Why Quebec Law Is Different — And What That Means for Your Business Contracts
By Ningsi Mei, Lawyer & CEO of EqualDocs
I've practised law in Quebec for over ten years. And one of the questions I get most often from founders and small business owners isn't about a specific clause or a specific deal — it's this:
"Why does everyone keep saying Quebec is different? How different can it really be?"
The honest answer: very different. Different enough that a contract drafted for an Ontario business can create real legal exposure when used in Quebec. Different enough that an AI legal tool built for the US market may give you advice that simply doesn't apply here.

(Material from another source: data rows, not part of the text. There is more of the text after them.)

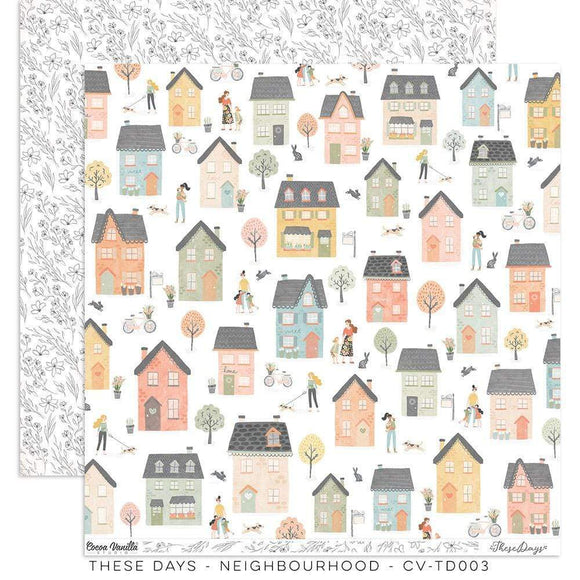 Scrapbooking  Cocoa Vanilla These Days Double-Sided 12″x12″ Paper Neighbourhood Paper 12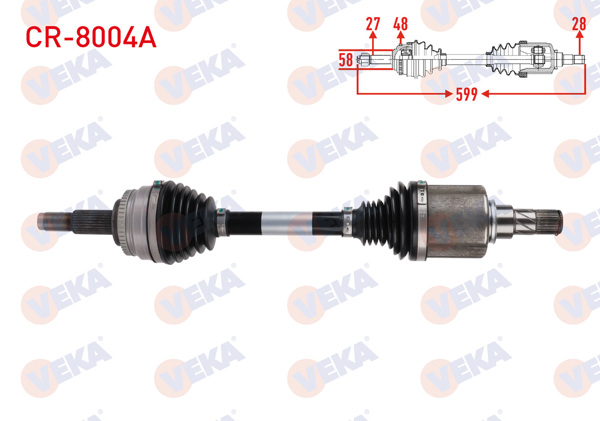 VEKA CR-8004A | Komple Aks Sol Ön ABS li 48 Dıs Uzunluk 599mm Chery Tıggo 7 Pro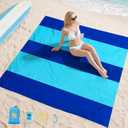Aroveea Beach Blanket Waterproof Sandproof 1-7 Adult Oversized 78 ''  81 '' Lightweight Durable Compact Sand Free Beach Mat for Travel Camping Hiking Picnic Blanket (2blue)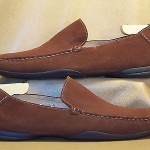 Men’s Boss Hugo Boss Red Brown Suede w/Beige Stitch Slip-On Loafers Size 10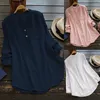 Bluzki damskie koszule CT097 Plus S5xl Spring Los Lose Vintage Cotton Casual Ladies Tops Streetwear 230510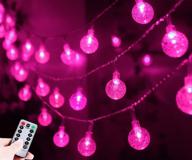 hugsvik 25.7ft 50 led battery operated pink string lights: waterproof, 8 modes, perfect for bedroom, wedding, camping логотип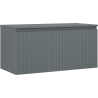 Mexen Rivel meuble de salle de bains sous-vasque 100 cm avec plateau, 1 tiroir, rainuré, graphite mat - 91A20-10047-1-BFC66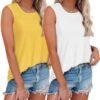 Womens Tank Tops Summer Sleeveless Casual Shirts Loose Fit Tunic Beach Vacation Outfits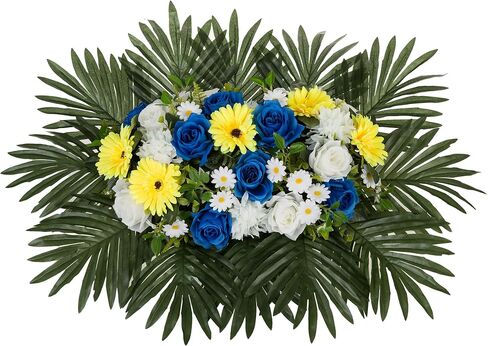 Headstone Flower Saddle for Grave - Artificial Memorial Day Cemetery Flowers Silk Funeral Sympathy Floral Arrangements for Outdoor Gravestone Decorations (Yellow White Royal Blue) in Saudi Arabia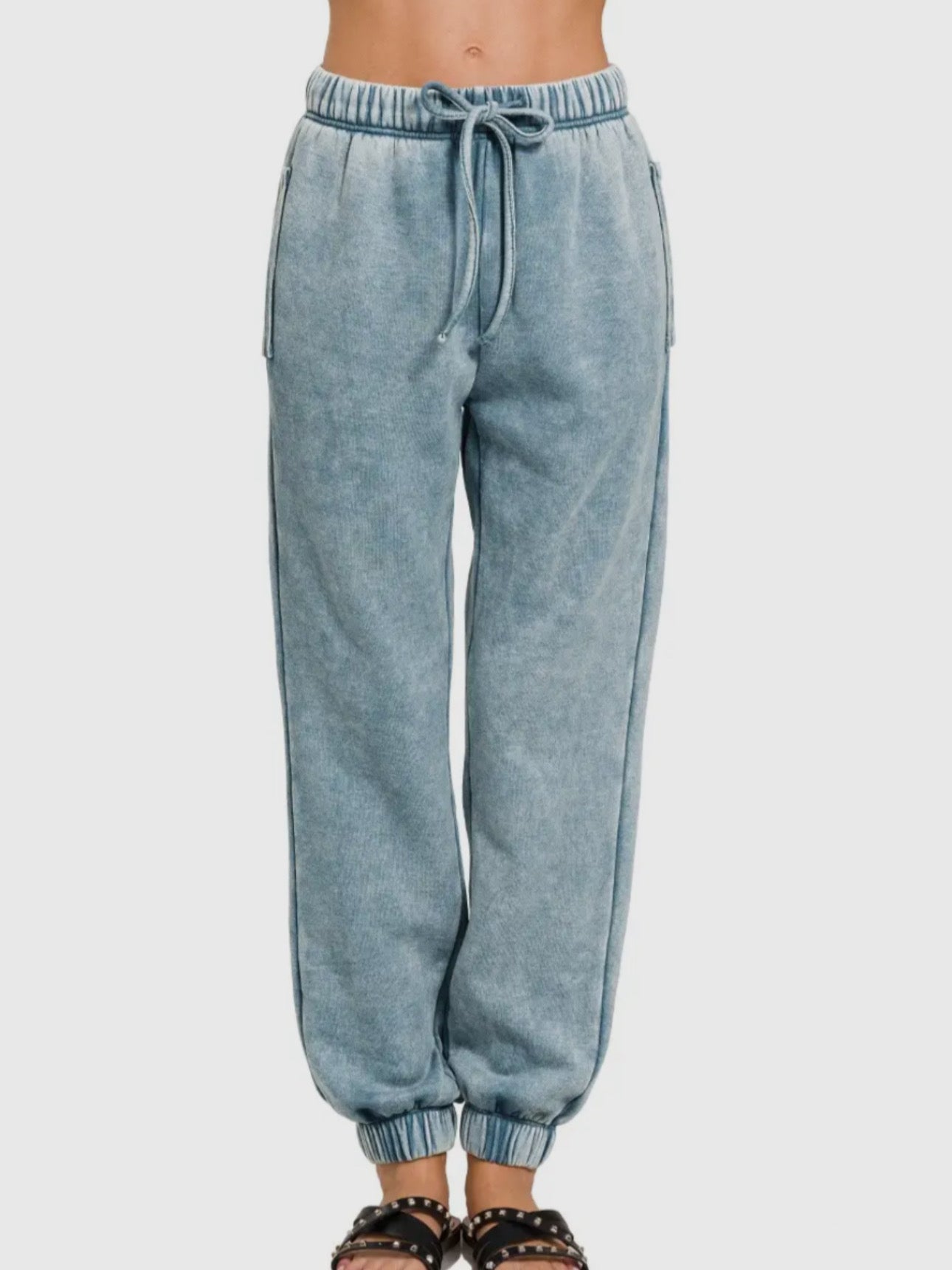 Blue Grey Mineral Wash Joggers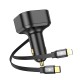 Φορτιστής Αυτοκινήτου Hoco NZ13 Clever USB-C PD30W QC3.0 και Lightning PD27W με Αναδιπλούμενο Καλώδιο 90εκ Μαύρος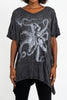 Sure Design Women's Octopus Loose V Neck T-Shirt Silver on Black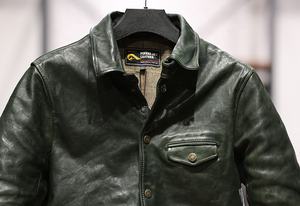 جاكيت جلد حصان مخصص شمعي زيتي خضري مبطن للجنسين جاكيت جلد براكمان بألوان تراثية - Product Image 5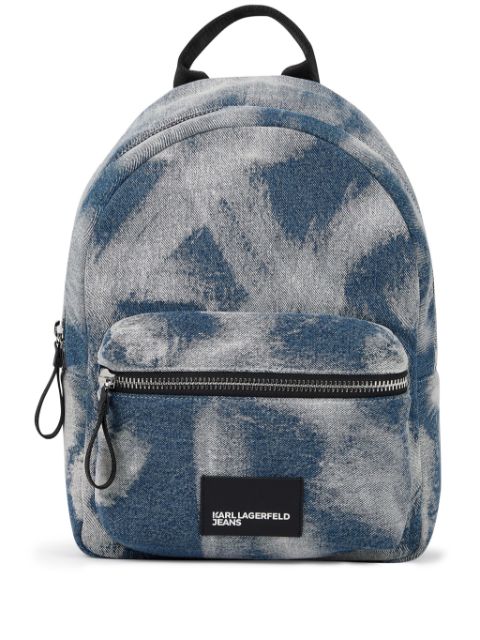 Karl Lagerfeld Jeans logo-patch denim backpack WOMEN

This isn't a technicality. It's the foundation of how law works in this province — and understanding it is one of the most important things you can do to protect your business.
Quebec Runs on Civil Law. The Rest of Canada Does Not.
Canada has two legal systems running in parallel. Nine provinces and the three territories operate under common law — a system inherited from England, where judges build law over time through precedents and decisions. Quebec operates under civil law, a system rooted in the French and Roman legal tradition, where the rules are written down in a comprehensive code.
That code is the Code civil du Québec — and it governs almost every private relationship in the province: contracts, property, family, and civil liability.
What does this mean in practice?
In common law provinces, if something isn't written in your contract, courts look at past decisions to fill the gaps. In Quebec, courts look at the Code civil first. The same silence in a contract can mean something completely different depending on which side of the Ontario-Quebec border you're on.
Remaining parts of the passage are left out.